Week 7 Practice Problems

Author
Affiliation

Alex Kaizer

University of Colorado-Anschutz Medical Campus

This page includes optional practice problems, many of which are structured to assist you on the homework with Solutions provided on a separate page. Data sets, if needed, are provided on the BIOS 6618 Canvas page for students registered for the course.

This week’s extra practice exercises are focusing on implementing a simple linear regression and using the output to address various questions.

Dataset Background

The following code can load the Seasonal_Effect.csv file into R. The seasonal effect data set contains 2,919 adults who underwent colorectal surgery. For our simple linear regression model, we wish to examine if there is an association between the outcome of how long surgery lasted (DurationSurgery in hours) and the body mass index (BMI in kg/m2).

Code
dat <- read.csv('../../.data/Seasonal_Effect.csv')

Exercise 1: Simple Linear Regression

1a: Fitting the Model

Fit the simple linear regression model for an outcome of surgery duration with a single predictor for BMI. Print the summary table output for reference in the following questions.

1b: Fitted Least-Squares Regression Equation

Write down the least-squares regression equation that describes the relationship between surgery duration and BMI based on your output.

1c: Intercept Interpretation

What is the estimated intercept and how would you interpret it?

1d: Slope Interpretation

What is the estimated slope and how would you interpret it?

1e: Slope Hypothesis Test

Test the hypothesis that the true slope is 0.

1f: CI for Slope with \(t\)

For the estimated slope, calculate a 95% confidence interval by hand based on the output with the \(t\)-distribution (i.e., the “correct” calculation).

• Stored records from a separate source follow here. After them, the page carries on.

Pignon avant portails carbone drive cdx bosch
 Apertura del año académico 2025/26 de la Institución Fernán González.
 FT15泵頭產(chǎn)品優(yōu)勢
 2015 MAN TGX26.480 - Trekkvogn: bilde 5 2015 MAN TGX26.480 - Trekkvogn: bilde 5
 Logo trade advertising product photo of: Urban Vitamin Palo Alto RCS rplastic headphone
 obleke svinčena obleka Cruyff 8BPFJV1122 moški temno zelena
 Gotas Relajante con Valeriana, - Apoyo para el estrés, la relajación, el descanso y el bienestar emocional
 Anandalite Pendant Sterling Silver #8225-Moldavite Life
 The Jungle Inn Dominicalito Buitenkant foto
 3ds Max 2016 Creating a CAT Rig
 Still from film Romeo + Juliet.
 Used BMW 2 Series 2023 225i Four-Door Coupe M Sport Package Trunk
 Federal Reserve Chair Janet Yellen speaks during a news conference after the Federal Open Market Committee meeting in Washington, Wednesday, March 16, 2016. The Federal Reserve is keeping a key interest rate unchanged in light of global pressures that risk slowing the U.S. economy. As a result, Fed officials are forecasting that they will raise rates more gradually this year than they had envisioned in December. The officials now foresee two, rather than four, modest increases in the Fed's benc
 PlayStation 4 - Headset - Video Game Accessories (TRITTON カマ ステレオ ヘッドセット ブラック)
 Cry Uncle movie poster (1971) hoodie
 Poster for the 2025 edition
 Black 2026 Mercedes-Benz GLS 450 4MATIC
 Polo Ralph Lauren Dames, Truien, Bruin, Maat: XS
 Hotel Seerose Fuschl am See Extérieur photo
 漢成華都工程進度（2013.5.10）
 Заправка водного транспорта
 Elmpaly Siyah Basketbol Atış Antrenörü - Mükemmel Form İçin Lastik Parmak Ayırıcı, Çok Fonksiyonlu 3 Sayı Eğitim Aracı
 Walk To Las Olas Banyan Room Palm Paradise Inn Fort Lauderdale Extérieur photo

1g: CI for Slope with \(Z\)

For the estimated slope, calculate a 95% confidence interval by hand based on the output with the \(Z\)-distribution (i.e., pretend we forgot to use the \(t\)-distribution and went with the simpler standard normal distribution). How different is your estimated interval and why might it be more similar (or more different) for our given context?

1h: CI for Slope in R

For the estimated slope, calculate a 95% confidence interval using a function in R. Which approach (in f or g) is this confidence interval most like?

1i: Summary for Slope

Write a brief, but complete, summary of the effect of BMI on surgery duration.

1j: Prediction

What is the estimated surgery duration for someone with a BMI of 27.5?

1k: Confidence Interval Around Prediction

Calculate the 95% confidence interval around the mean surgery duration for the population with a BMI of 27.5.

1l: Prediction Interval Around Prediction

Calculate the 95% prediction interval around the mean surgery duration for a single individual with a BMI of 27.5.

1m: Scattplot and Fitted Line

Create a scatterplot with the fitted linear regression line.